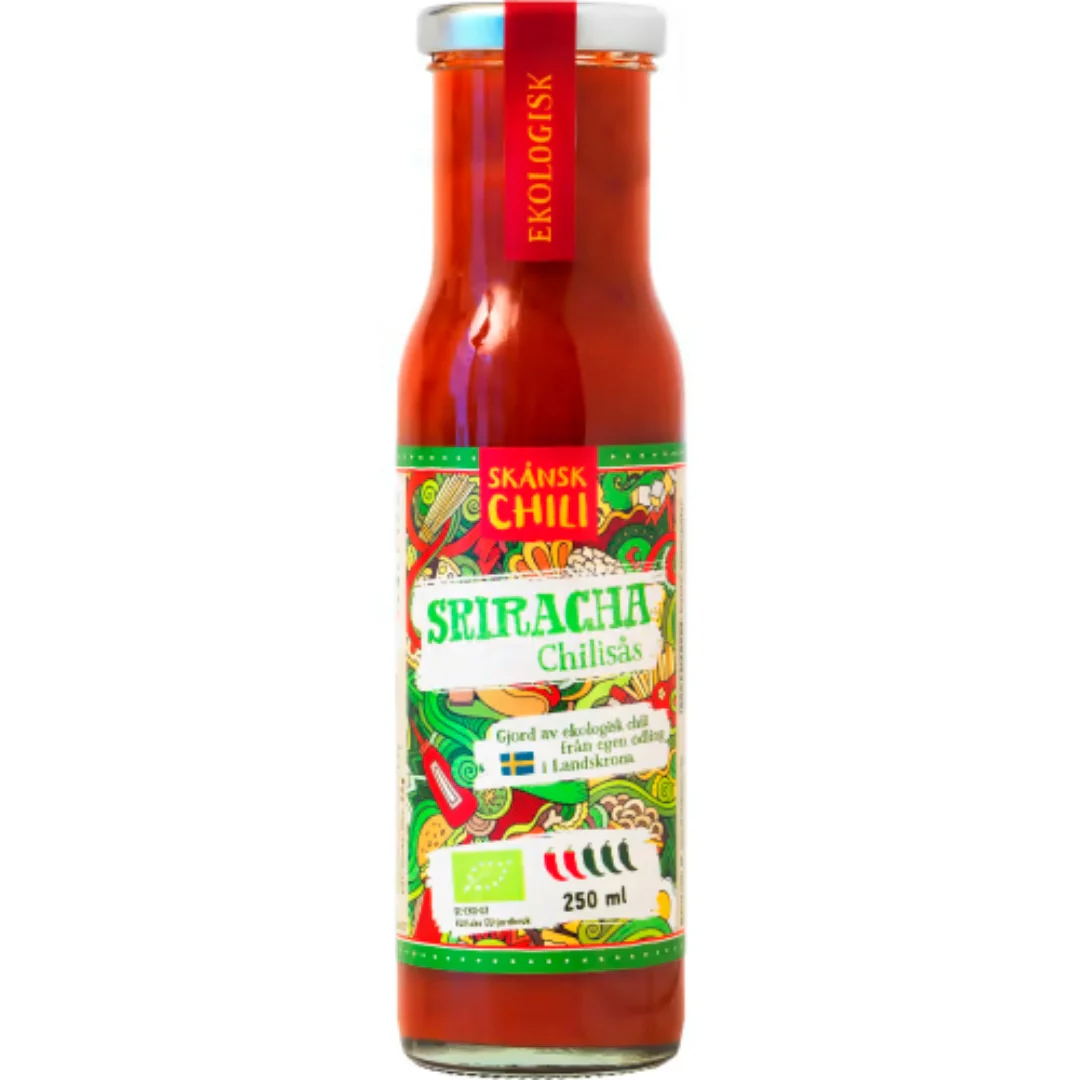 Skånsk Chili Sriracha Chilisås - Fermented Chili & Paprika Sauce 250ml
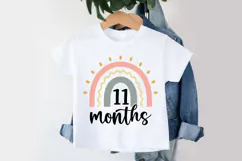 11 Months SVG | Baby Milestone SVG | Baby SVG | Newborn SVG Product Image 3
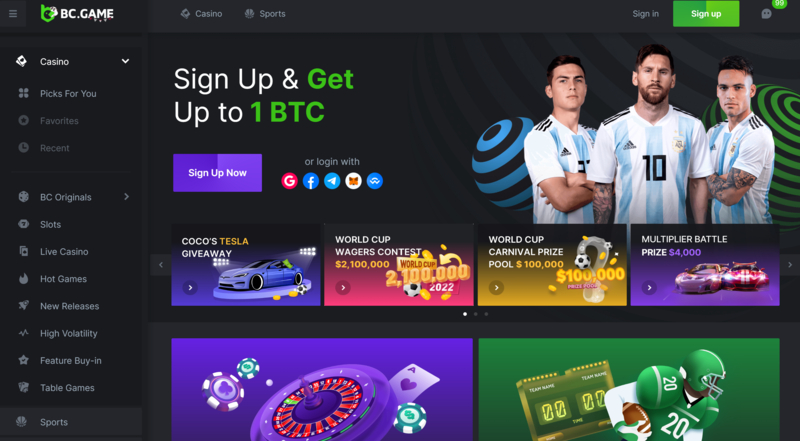 Discover the Exciting World of BC.Game Slots 0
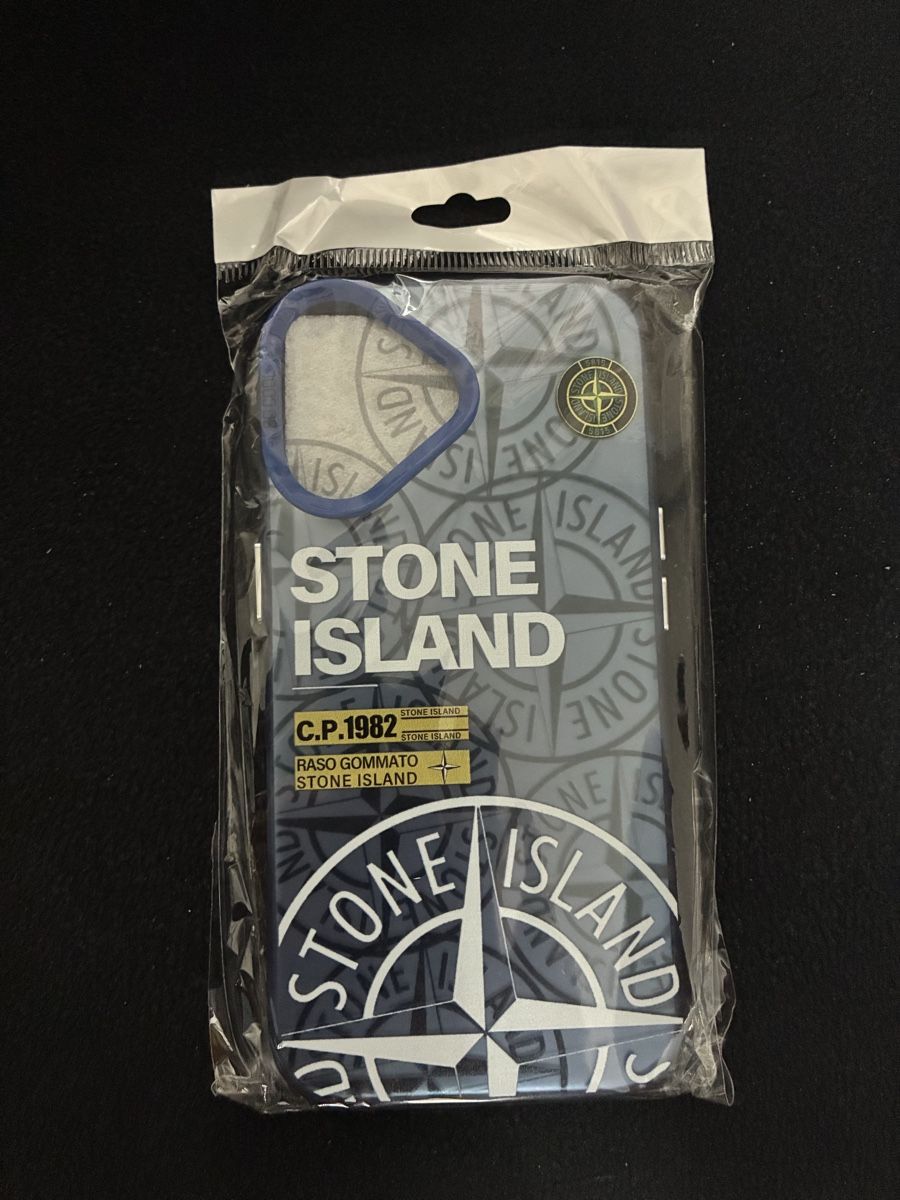 Stone Island Cover & Protezioni schermo: STONE ISLAND CASE BLUE IP16 – Nuovo (secondo la descrizione) da Taverne venduto da YOHISTORE
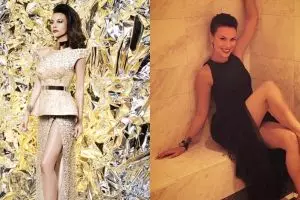 8 Pose menantang Sophia Latjuba bergaun belahan tinggi, seksi abis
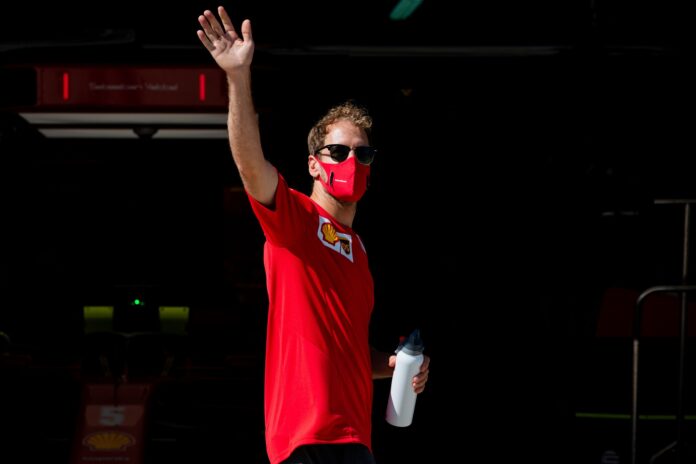 Sebastian Vettel, Ferrari, racingline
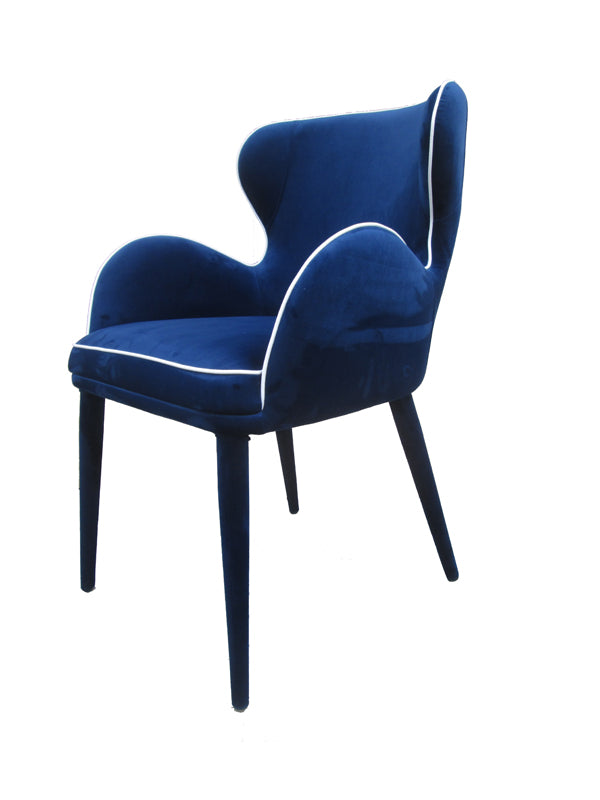 Modrest Tigard Modern Blue Fabric Dining Chair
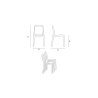 Rome Grand Soleil Polypropylene Stackable Chair for Kitchen Bar 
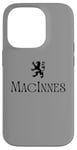 Coque pour iPhone 14 Pro MacInnes Clan Scottish Nom de famille Scotland Heraldry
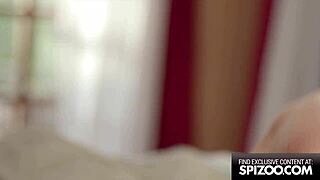 chloe cherry slim beauty bent over in purple lingerie wanna feel my petite pussy riding rough cowgirl?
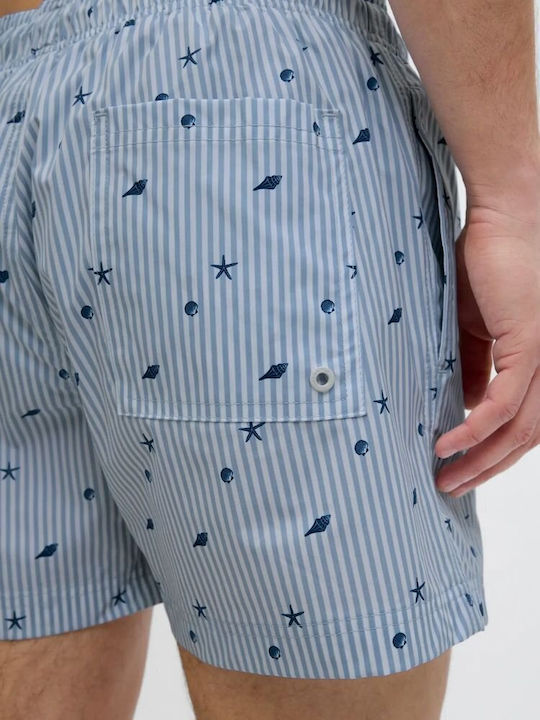 Ανδρικό Μαγιό Σορτς CASHMERE BLUE με Ρίγες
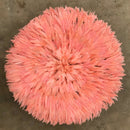 30" Peach Authentic Bamileke Juju Hat - Afrilege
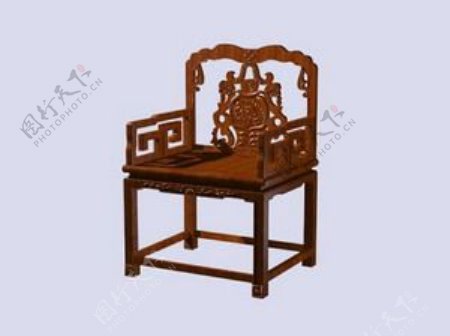 中式椅子3d模型家具图片40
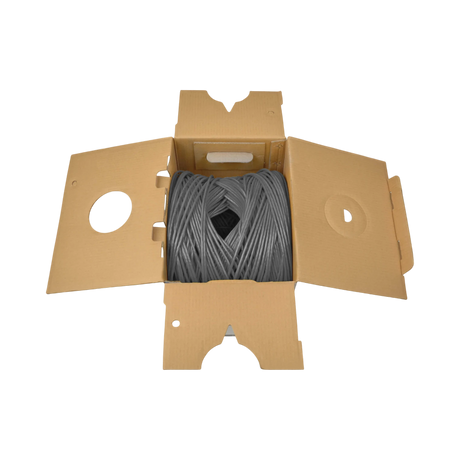 Tripp Lite Cat5e 350 MHz Stranded-Core (UTP) PVC Bulk Ethernet Cable, Gray, 1000 ft. (304.8 m), TAA — Being Shipped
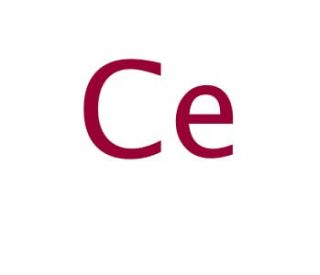 Cerium (CAS 7440-45-1) - chemical structure image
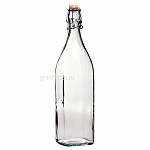 Бутылка «Свинг»; стекло,пластик; 1060мл; D=90,H=315,L=75мм; прозр. Bormioli Rocco 3,1472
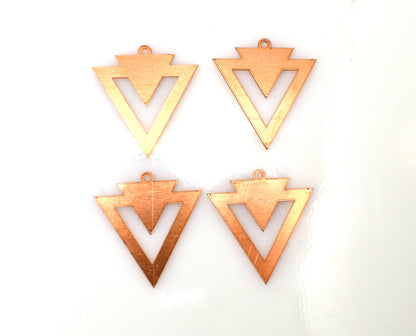 Copper Blanks - 355# Triangle copper blank , stamped solid copper, round stamping blank, personalized , copper blank, raw copper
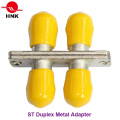 St Duplex Metal Standard Fiber Optic Adapter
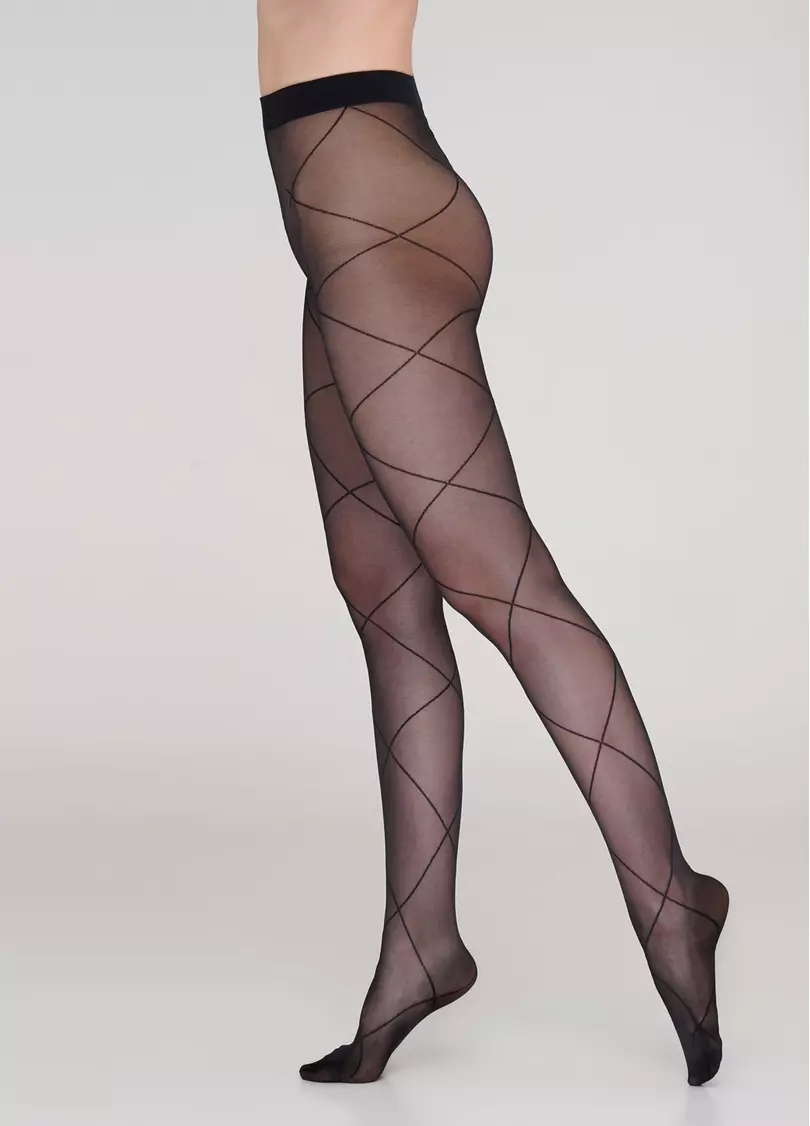 Колготки з геометричним візерунком INTERSECTION 20 (2)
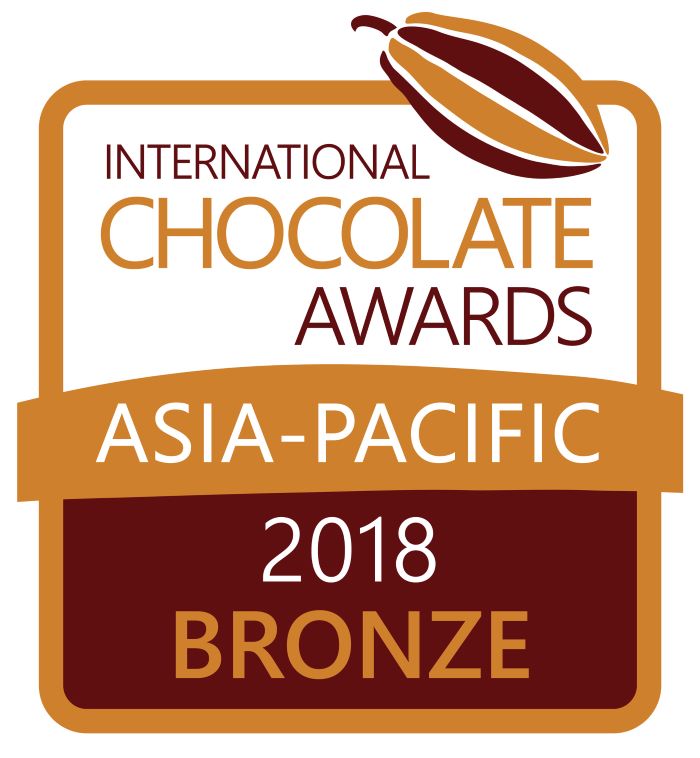 International Chocolate Awards Bronze Medal which was awarded to Sweet Pea & Poppy Artisan Chocolate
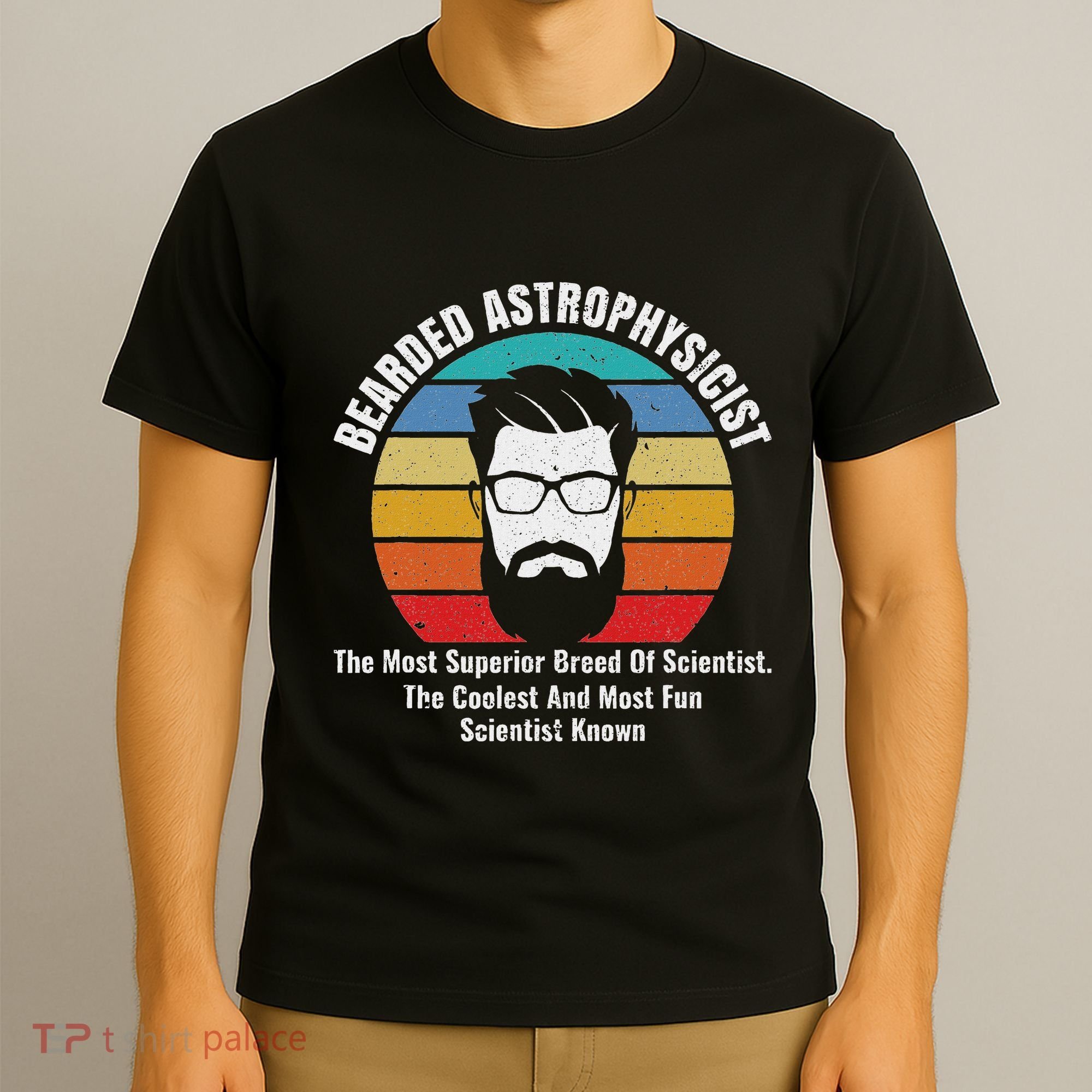 Bearded Astrophysicist Funny Astrophysics Definition T-Shirt
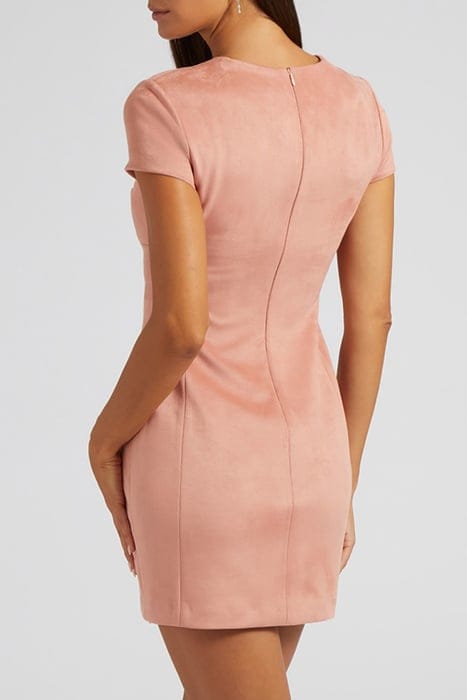 MARCIANO BY GUESS SS ALMA DRESS SATIN ROSE 2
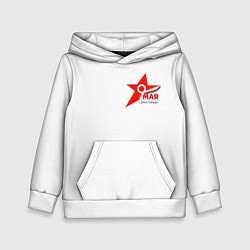 Толстовка-худи детская Праздник-9 мая, цвет: 3D-белый
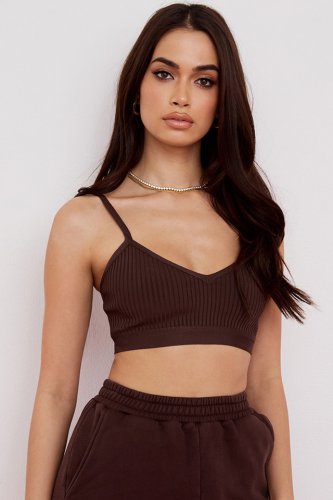 'Evie' Brown Bandage Bralette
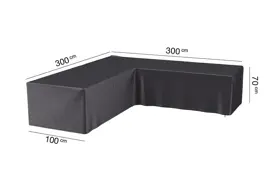 AeroCover hoeksethoes lage rug 300x300x100x70cm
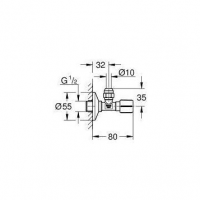 Grohe вентиль для раковины 22037000 схема 2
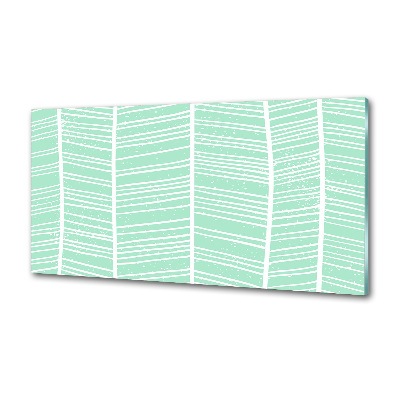 Glasrückwand für die küche Fischgrätmuster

+--

» Your assignment
Pictures aside, return exactly the lines from the data above, starting at the line that has "St Duplex Metal Standard Fiber Optic Adapter" and ending at the line that has "AeroCover hoeksethoes lage", both included.

» Task answer
 St Duplex Metal Standard Fiber Optic Adapter
 Колготки з геометричним візерунком INTERSECTION 20 (2)
 International Chocolate Awards Bronze Medal which was awarded to Sweet Pea & Poppy Artisan Chocolate
 Bearded Astrophysicist Funny Astrophysics Definition T-Shirt
 MARCIANO BY GUESS SS ALMA DRESS SATIN ROSE 2
 Толстовка-худи детская Праздник-9 мая, цвет: 3D-белый
 'Evie' Brown Bandage Bralette
 AeroCover hoeksethoes lage rug 300x300x100x70cm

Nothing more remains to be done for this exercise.